I would just give them away for free lol this event is meant to be about sharing and helping others, not selling for money and given how difficult it is to get them anyway, you're just making it harder.

Plus imagine if someone buys your butterflies then fails catching them all, would you refund them?


----------



## punctuallyAbsent (Jan 21, 2018)

Remnantique said:


> I would just give them away for free lol this event is meant to be about sharing and helping others, not selling for money and given how difficult it is to get them anyway, you're just making it harder.
> 
> Plus imagine if someone buys your butterflies then fails catching them all, would you refund them?



you do have a point. i didn't think people would object to buying them, since i've seen several people doing so.

and yeah, of course i'd give refunds if they didn't catch. not doing that would just be ridiculous.


----------



## contententity (Jan 21, 2018)

if you're still selling i'm interested!


----------



## punctuallyAbsent (Jan 21, 2018)

contententity said:


> if you're still selling i'm interested!
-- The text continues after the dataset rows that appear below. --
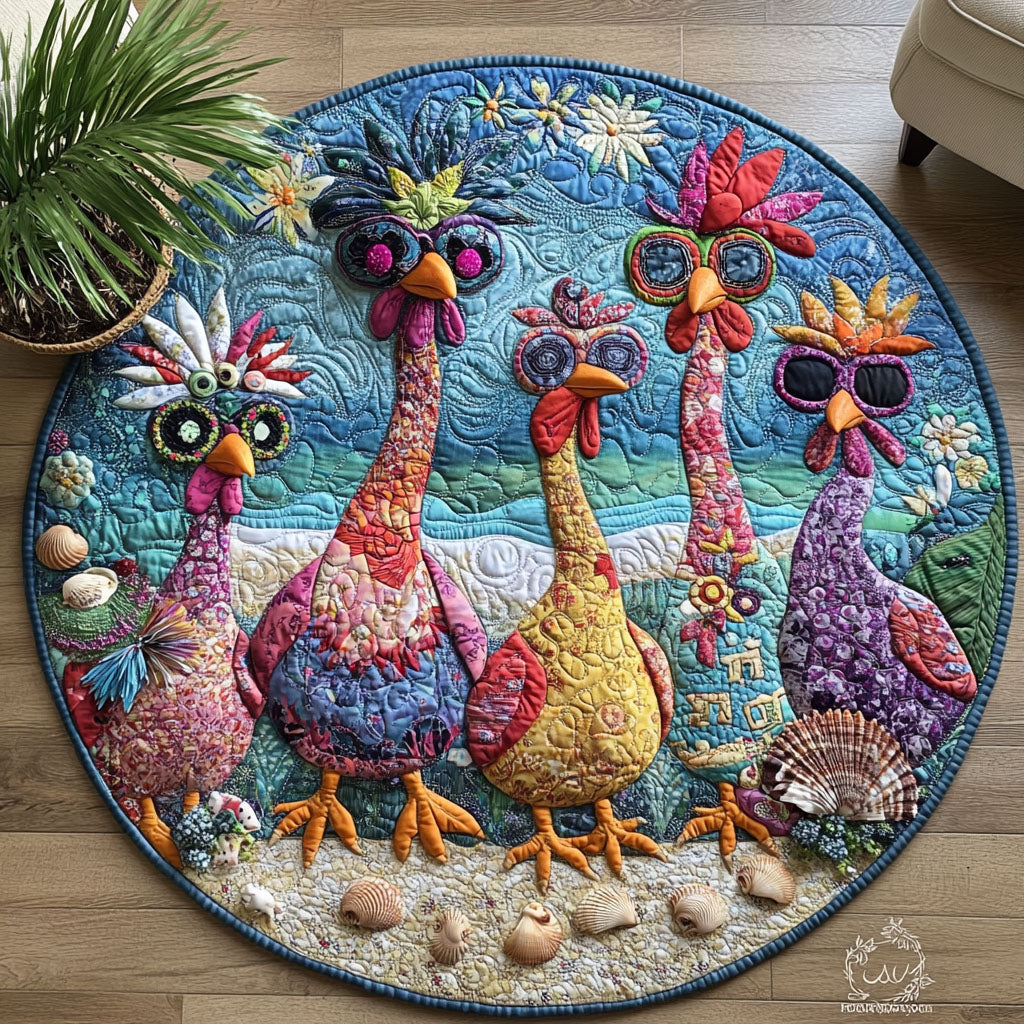 Feather Fest Quilted Round Mat Living Room Decor Gifts For Chicken Famers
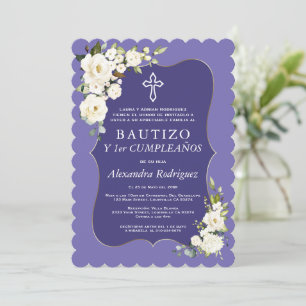 Invitation Lavande florale blanche espagnol 1er anniversaire 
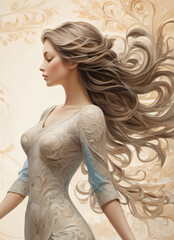 Art of Girl movements. Gold brown calm feeling with peace and harmony.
sure, how many do you want?

also be sure to friend me first~


----------



## contententity (Jan 21, 2018)

could i get 15 white winter and the one gold winter? i think the total is 320

- - - Post Merge - - -

just sent ya a request. in-game name is jules. should i send the tbt now?


----------



## punctuallyAbsent (Jan 21, 2018)

contententity said:


> could i get 15 white winter and the one gold winter? i think the total is 320



i'll drop them off in a minute!
please make sure you have 16 empty flowers to put butterflies on c:


----------



## contententity (Jan 21, 2018)

all my flowers are empty. i'll send you the tbt now


----------